Find the least integral values of x and y that will satisfy the equation:
x^2 - 9781*y^2 = 1.
I thought the least integral roots are (1, 0) and (-1, 0).
Also I noticed the possible x should be around 99*y, so I manually caculated about 50 pairs, no luck.
Then I wrote a program to look through the vicinity at (99*y - 10 < x < 99*y + 10, y) with y values going up to 10^9. I have a few lines of crap print out because the computer was messed up when the number is too big. Like these:
The roots are ---
x = -1, y = 0
The roots are ---
x = 1, y = 0
The roots are ---
x = -1177971319, y = 161635332
The roots are ---
x = 2125380257, y = 542070584
The roots are ---
x = 879440713, y = 572868844
The roots are ---
x = -1134323873, y = 856212344
Then I thought at that time (1877), pleople just did not have computers. Then I try to prove it.
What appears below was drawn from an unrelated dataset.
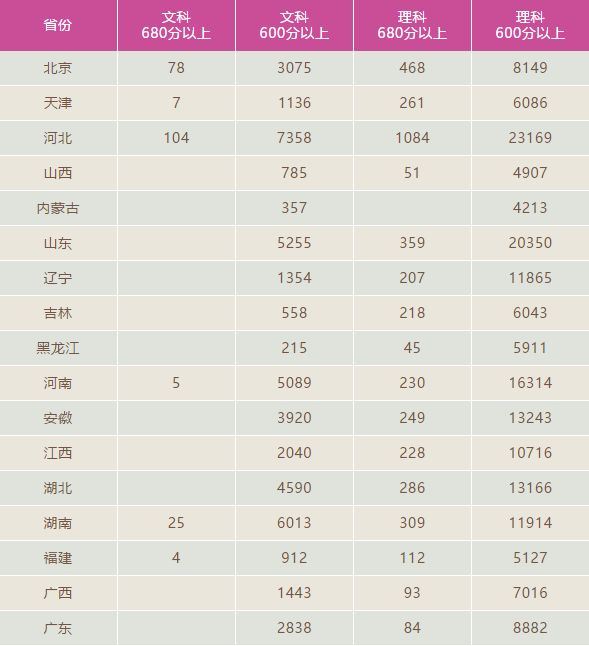 2018高考34万人超600分以上！是去年2倍多，新高三该如何突围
Then I spent about 20 minutes to prove that there is no other integral roots using some dumb basic methods. By checking last digit of 9781*y^2 + 1, I rule out 9, 1, 4, 6 as the last digit of y. If the last digit of y is 7 or 3, then 9781*y^2 + 1 will end with 10, 30, 50, 70 or 90. If the last digit of y is 5, then last 2 digits of 9781*y^2 +1 are 26. No integer has square value ending in 26. If the last digit of y is 8 or 2, then y must be form of 50k + 2 or 50k -2, and x will take form 10m+5, then we will have m(m+1)=9781k*(25k+1), which cannot be true. If the last digit of y is 0, then x must take form of 50k +1, and y is take the form of 10p, we will have 2500k^2+100k +1 = 978100m^2. This cannot be true. So this Diophantine equation has only roots (1, 0) and (-1, 0).
Can any one have a better solution to prove this? Thanks.